The ATO is concerned that, “a lack of diversification or concentration risk, can expose the SMSF and its members to unnecessary risk if a significant investment fails.”
This does not mean that you must have diversity in your fund. A lack of diversity might be a strategic decision by the trustees but you need to be able to prove that the strategy was an active decision. Section 4.09 of the Superannuation Industry (Supervision) Regulations require that trustees “formulate, review regularly and give effect to an investment strategy that has regard to the whole of the circumstances of the entity.”
To do that you need to:
- Recognise the risk involved in the investment, its objectives and the cash flow of the fund
- Review the diversity of the investment strategy (or otherwise) and the exposure of a lack of diversity
- Assess the liquidity of the investment and cashflow requirements of the fund
- Assess the ability of the fund to discharge its liabilities, and
- Review and have in place appropriate insurance cover for members and assets
Importantly, you need to be able to justify how you formulated your strategy if the ATO asks.
The 17,700 people being contacted by the ATO hold 90% or more of the fund’s assets in a single asset or single asset class.
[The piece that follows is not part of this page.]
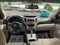 2014 Subaru Outback 2.5i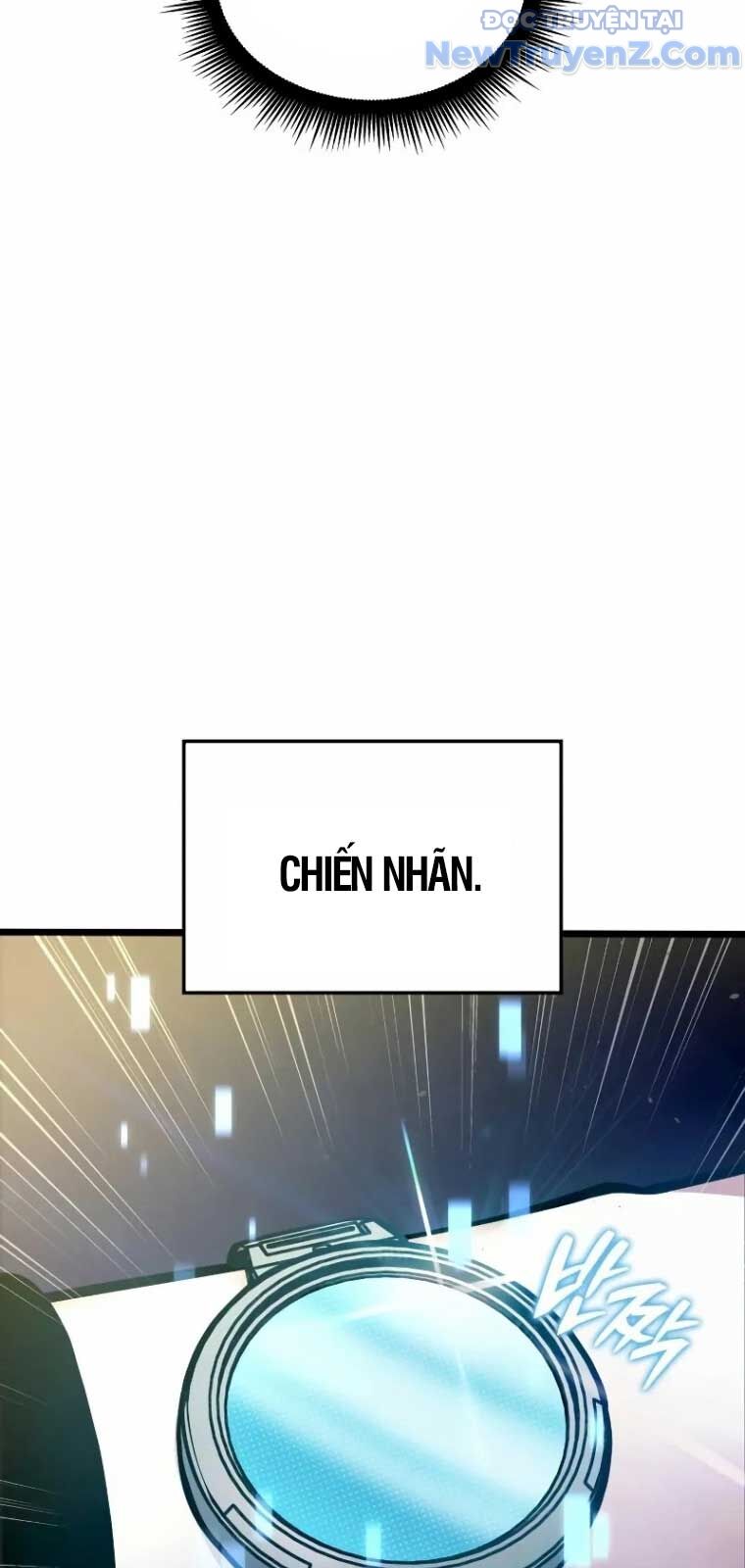 Độc Chiến Đế Vương - Chapter 4 - Page 67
Property is one of the problem areas the ATO is looking at. With property prices at a low point, the asset value of many funds has diminished.
In addition, debt taken on by SMSFs has significantly increased. The number of SMSFs using Limited Recourse Borrowing Arrangements (LRBAs) to purchase property has increased significantly from 13,929 (or 2.9% of all SMSFs) in 2013, to 42,102 (or 8.9% of all SMSFs) in 2017. For SMSFs that have purchased property through an LRBAs, on average, these LRBAs represent 68% of total assets of the funds.
LRBAs are most common in SMSFs with a net fund size (total assets excluding the value of the amount borrowed) of between $200,000 and $500,000. In 2017, the average borrowing under a LRBA was $380,000 and the average value of assets was $768,600.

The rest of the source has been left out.